What I want to know is how big of a mini/pony would fit in that length of shaft and

when im looking for a ee cart for him what size shafts would be ideal ???

im thinkin in cart i have now that maybe up to a 42inch could fit in the cart I have ????

I need to find out asap as i have a lady wanting it and her pony is by the way she describes rather tall ! she said she is 5'4 and the pony back comes to her bellybutton so I thought I would ask my forum friends that have a bit more knowledge than I !


----------



## RhineStone (Jan 28, 2010)

The most accurate way to determine what length of shafts you need is to measure the horse. Case in point, I have a 31" mare who takes the same 44" shafts as my mom's 34" gelding. I had a 34" mare who was much longer than the 34" gelding and wouldn't fit in 44" shaft cart. My 37" gelding takes 50" shafts.

Measure the horse from the point of the shoulder to the point of the buttock. The rule of thumb for large horses is 12" more than the measurement of the horse. It depends on the depth of the basket of the cart as to whether you would use the same 12" or less room behind the horse. You DON'T want the horse to hit it's heels on the basket of the cart, which could frighten him and cause a wreck. I have carts that have 8" behind the horse. I like my horses closer to me than farther away, again watching the length of stride of the animal in relation to the placement of the basket.

In order to measure the height, hold the cart up so that the shafts are level (with your typical mini cart, there are exceptions). Measure the from the ground to the bottom of the shafts. This measurement should be the same as the height of the harness tug (loop). Ideally, the shaft should be at the horse's point of shoulder both hortizontally and vertically (this is a rough estimate, you have to take each horse into consideration).

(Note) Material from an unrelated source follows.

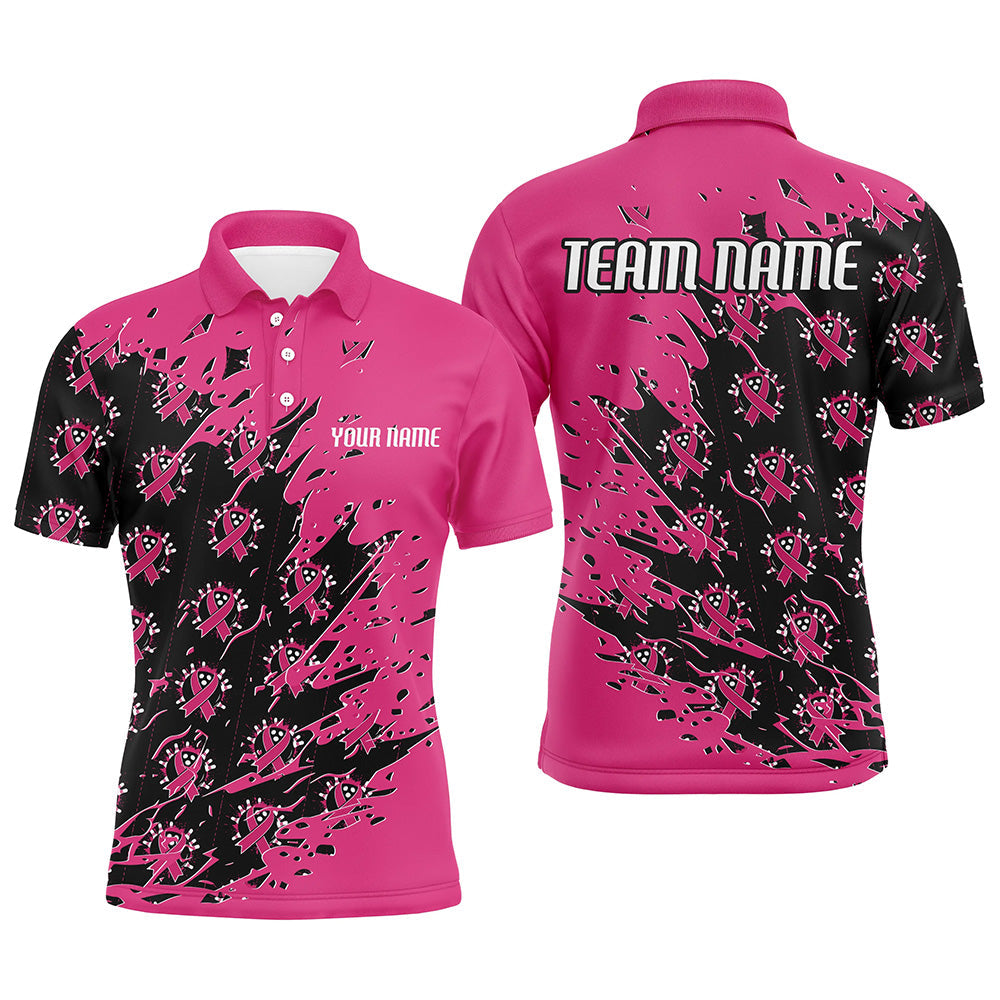 Black And Pink Custom Breast Cancer Awareness Bowling Jerseys, Bowling Shirts For Men And Women IPHW7008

Also, it is better that shafts run uphill than downhill as down will put too much pressure on the horse's back.

Hope this helps!

Myrna


----------



## Kira98 (Jan 28, 2010)

Myrna,

thanks ! It makes sense to me and I will pass that on the the lady i told her that I thought it would depend on how long the horses is ;-)

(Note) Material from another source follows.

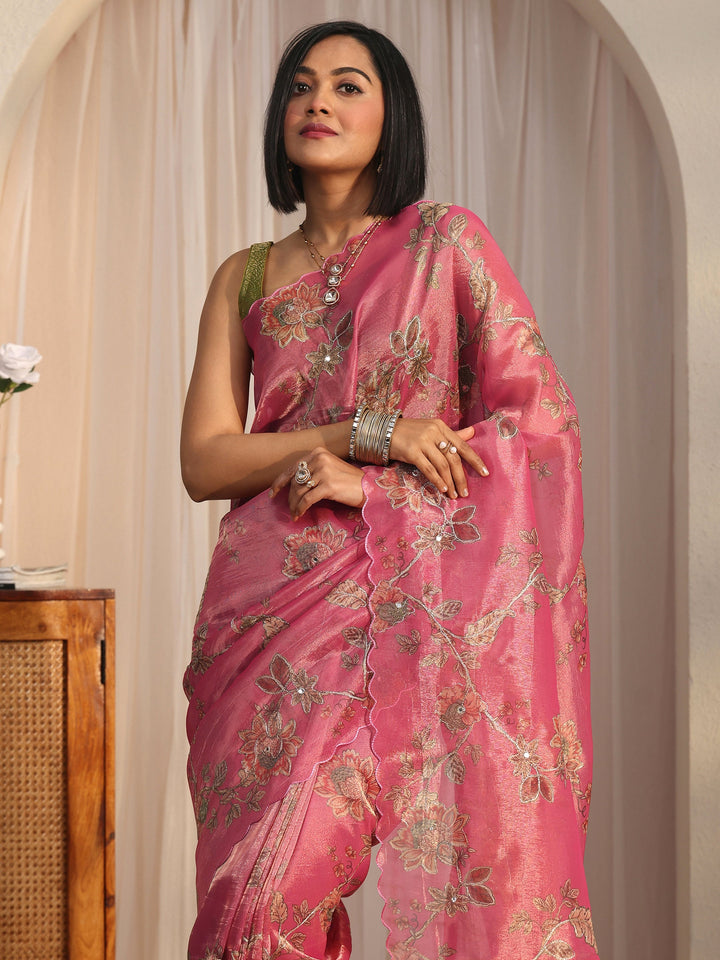 Libas Pink Floral Printed Mirror Work Silk Blend Saree with Scalloped Border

my boy isnt to terrible long but i did have my old black gelding with his cart that was way to short ! shafts for like a 28inch he was a 33 lol

thanks so much I will have that lady measure her pony and add at least 8inches to the length and I will do the same so that I can find a nice ee cart

I want one with the oak shafts and floor ! sooo pretty and i think i could show in it at some of the local open shows ;-)

thanks again

Erika



RhineStone said:


> The most accurate way to determine what length of shafts you need is to measure the horse. Case in point, I have a 31" mare who takes the same 44" shafts as my mom's 34" gelding. I had a 34" mare who was much longer than the 34" gelding and wouldn't fit in 44" shaft cart. My 37" gelding takes 50" shafts.
> Measure the horse from the point of the shoulder to the point of the buttock. The rule of thumb for large horses is 12" more than the measurement of the horse. It depends on the depth of the basket of the cart as to whether you would use the same 12" or less room behind the horse. You DON'T want the horse to hit it's heels on the basket of the cart, which could frighten him and cause a wreck. I have carts that have 8" behind the horse. I like my horses closer to me than farther away, again watching the length of stride of the animal in relation to the placement of the basket.
> 
> In order to measure the height, hold the cart up so that the shafts are level (with your typical mini cart, there are exceptions). Measure the from the ground to the bottom of the shafts. This measurement should be the same as the height of the harness tug (loop). Ideally, the shaft should be at the horse's point of shoulder both hortizontally and vertically (this is a rough estimate, you have to take each horse into consideration). Also, it is better that shafts run uphill than downhill as down will put too much pressure on the horse's back.
> ...


----------